Since then I’ve found ways to adapt meal-prep tactics to a busy life where time and money are limited. The payoff: fewer impulse takeout meals, less reliance on convenience snacks, and more consistently nourishing dinners.

With the holidays behind us and many of you planning for the year ahead, consider putting weekly home cooking near the top of your priorities. Don’t worry about new superfoods or elaborate DIY trends—just cook more, consistently.

To help you start, I created a free e-book full of practical tips for making batch cooking realistic. It covers recipe planning, smarter and more affordable market shopping, reducing waste, and lists the essential equipment to streamline your prep.

My beta group told me they found the meal-prep portions of the 4 Weeks to Wellness program most valuable—those anti-meal-plan meal plans, weekly batch-cooking recipes, and how-to guides made the biggest difference.

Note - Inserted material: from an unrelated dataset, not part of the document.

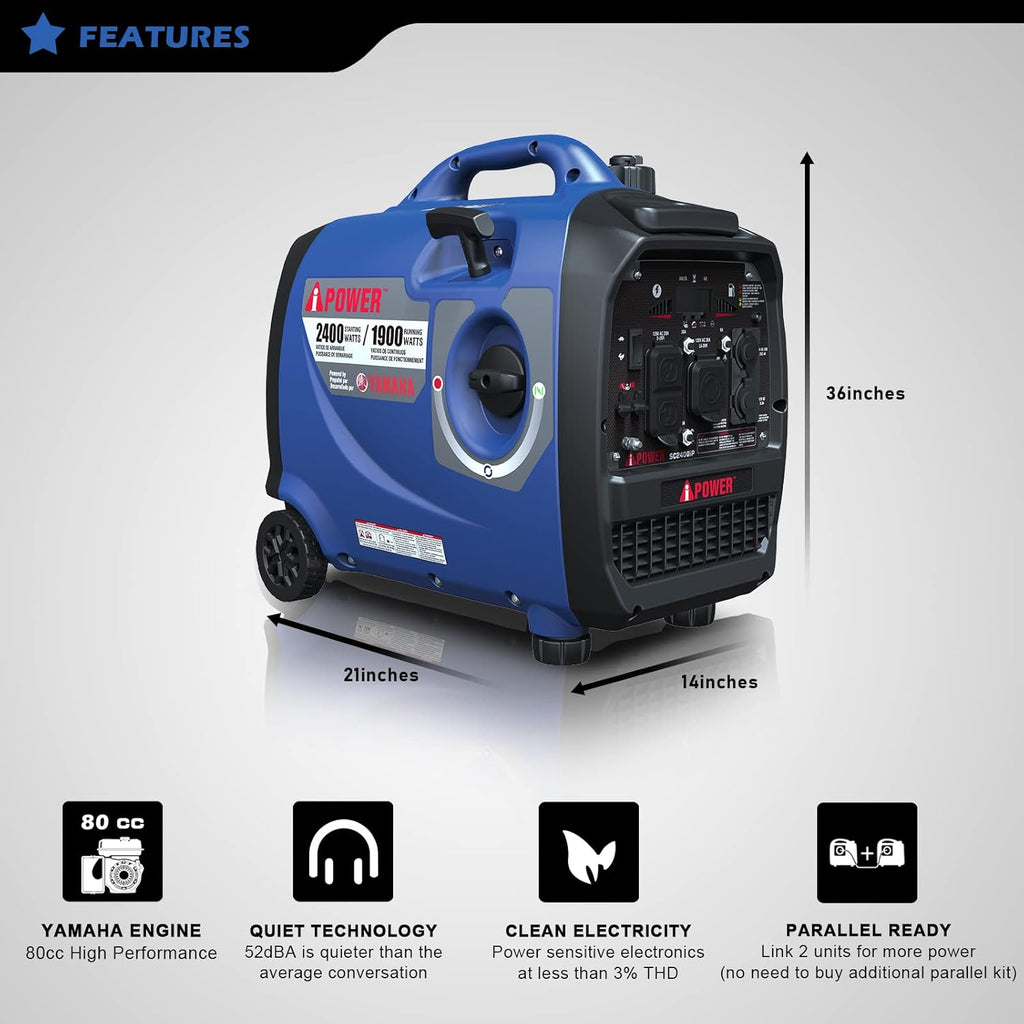A-iPower Portable Inverter Generator 2400W Ultra-Quiet Yamaha Engine RV Ready T560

If you’d like ongoing help beyond the free guide, the 4 Weeks to Wellness program includes step-by-step recipe packets and kitchen walkthroughs. I’m also considering a low-cost membership service that would deliver a weekly batch-cooking plan with recipes, shopping lists, and a clear prep breakdown. I’ve received a few requests for this and would love to know if it’s something you’d use.

What is your number one healthy eating resolution? Tell me in the comments!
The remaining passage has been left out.